In this session, you performed the following tasks:
- Environment Setup
You installed Node.js and create-react-app node package. Using this package, you created your React application viz. Phone Directory. You started your development server on your local machine to run this application.
You also looked at what all files and folders are automatically created by the create-react-app package and what are they meant for.
- Code Cleanup
You deleted the unnecessary code from the auto-generated application folder.
After performing the aforementioned tasks, you learned the following concepts in React:
- JSX
Though JSX is HTML-looking syntax, it is actually XML extension to ECMAScript specification. Thus, instead of using pure JavaScript for building DOM elements, you can use JSX, which offers flexibility to developers to use a familiar syntax, viz. HTML.
- Differences between JSX and HTML
You looked at how the following points hold true for React but not for HTML:
- Adjacent JSX elements must be wrapped in an enclosing tag
- Closing tag required for all types of tags
- JSX properties are not similar to HTML attributes
- Case sensitiveness
- Curly Braces
These can be used in React to evaluate a JavaScript expression during compilation. The expression can be a variable, a function, an object, an arithmetic calculation, logical evaluation, or any code snippet that returns some value.
- React.createElement() method
This method is used when an element needs to be created on DOM.React.createElement(element_name, element_properties, children);
The first argument in this method is the name of the element that is to be rendered. The second argument is the object that consists of property-value pairs that can be provided as attributes to this component or element. After these two arguments, you can pass an infinite number of children elements, which will be nested inside this main component or element.The first argument is mandatory, while the rest of the arguments that follow are optional.

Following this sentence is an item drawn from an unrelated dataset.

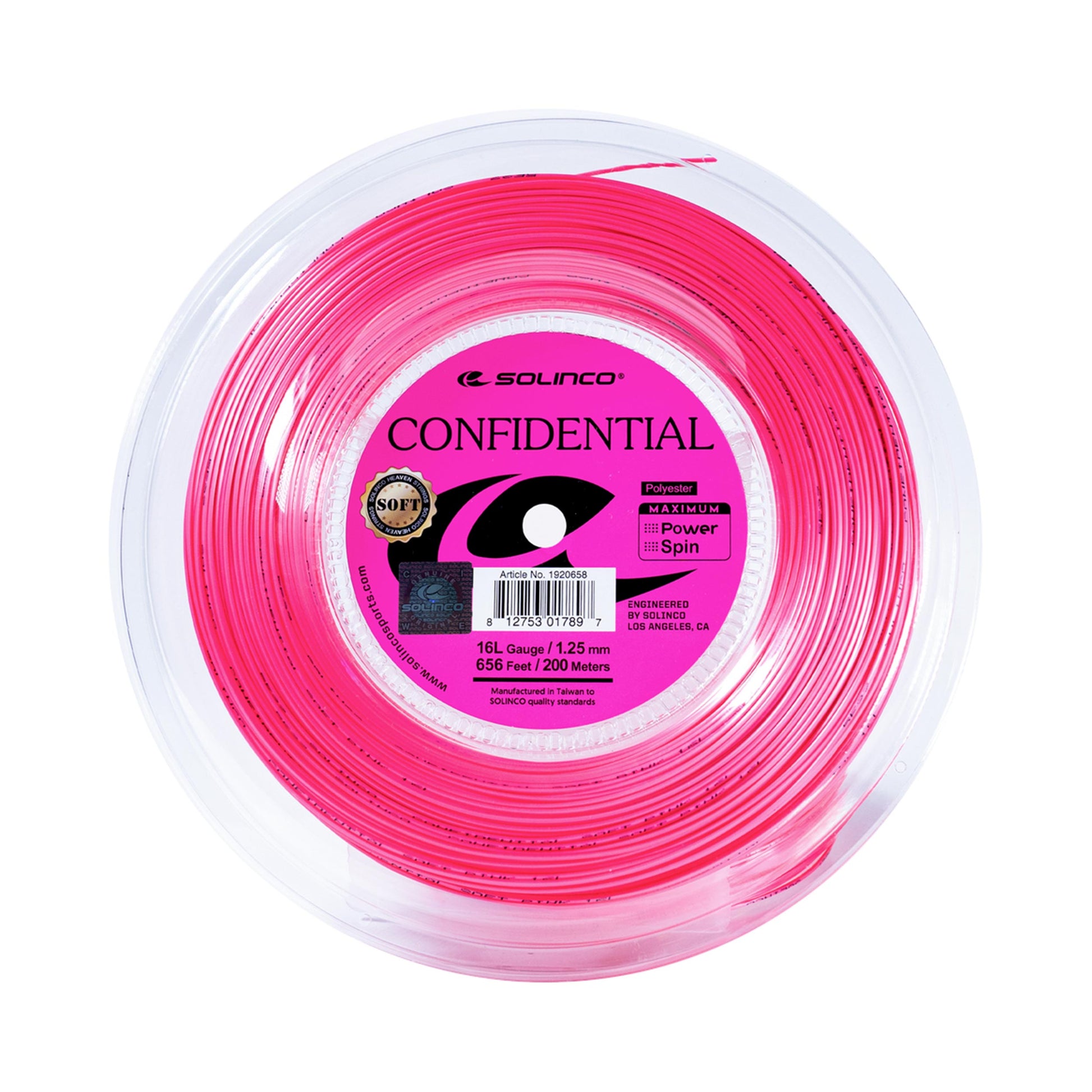 Solinco Confidential Soft  Bobine cordage 200m - rose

- ReactDOM.render() method
This method is used to render an element into DOM in React. ReactDOM.render(argument_1, argument_2);
argument_1 tells WHAT to render.
argument_2 tells WHERE to render.
- Components
Components are just the JavaScript way of writing independent, reusable, and dynamic code. There are two types of components in React — functional components, which are written in the form of functions and class components, which are written in the form of classes.
- Styling components
React offers styling in two ways — inline and external.
Inline Styling:
- Style property is used.
- Two curly braces are used with the style property — one to evaluate the expression inside the JSX code and the other to represent a JavaScript object, which is taken as input by the style property.
- The property names must be written in camelCase such as textTransform, fontSize, etc.
- All the property values must map to a valid datatype such as ‘#000’ as the color code should be written within single/double quotes to make it a string value.
- All property-value pairs are separated using the comma operator.
External Styling: - You need to create an external stylesheet and define all the CSS styles inside this stylesheet. Then, you need to import this stylesheet inside the file where that component or element is defined on which this style is to be applied.
- Dynamically injecting data using map() method
JavaScript’s map() method can be used to iterate over an array and inject data into the React components or elements dynamically. You don’t need to hard-code the data inside each component. This is one of the major reasons why React refers to its components as ‘reusable’ entities.
You have also built some portion of the Phone Directory application.